- Born: Robert Nii Djan Dodoo 1934 Accra, Gold Coast
- Died: 20 December 2014 (aged 79–80) Korle-Bu
- Education: Accra Academy
- Alma mater: University of Ghana
- Occupations: Public Servant, University lecturer
- Known for: Head of the Ghana Civil Service during first government of the 4th Republic
- Spouse: Grace Earlgina Dodoo
- Children: 5

= Robert Dodoo =

Ghanaian public servant

Robert Nii Djan Dodoo (1934-2014) was a Ghanaian civil servant. He was Head of the Civil Service from 1994 to 2001 during Jerry Rawlings civilian rule. He had served previously as executive director of the Price and Incomes Board.

After Rawlings exit from the presidency, he was accused and faced trial for financial loss to the state. He made a return to government office as Chairperson of the Civil Service Council under the presidential administrations of John Atta-Mills and John Mahama, and was also a member of the National Development Planning Commission.

==Civil Service==
Dodoo worked as executive director of the Prices and Incomes Board, a subverted organization in Accra prior to the Fourth Ghanaian Republic.

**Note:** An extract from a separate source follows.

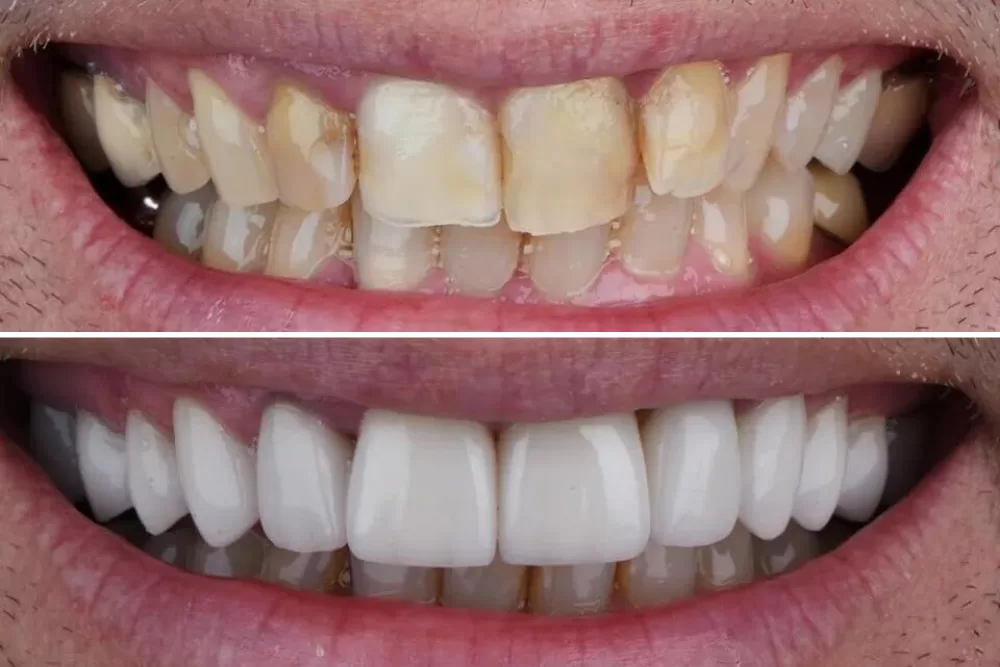 Teeth Whitening Treatment Results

In 1994, Dodoo was appointed to be Head of the Civil Service. Since he was not a career civil servant, his appointment sparked controversy.

In 2001, the NPP administration of John Kufuor requested Dodoo to proceed on leave, and to hand over to K. Obeng Adofo who was chief director of the Office of the Head of Civil Service.

Dodoo was subsequently put on trial by the Kufuor administration for causing financial loss to state. The case gained a lot of media attention. Dodoo pleaded not guilty to the charges levelled against him in court. The judge who presided over the case was Justice Avril Lovelace-Johnson.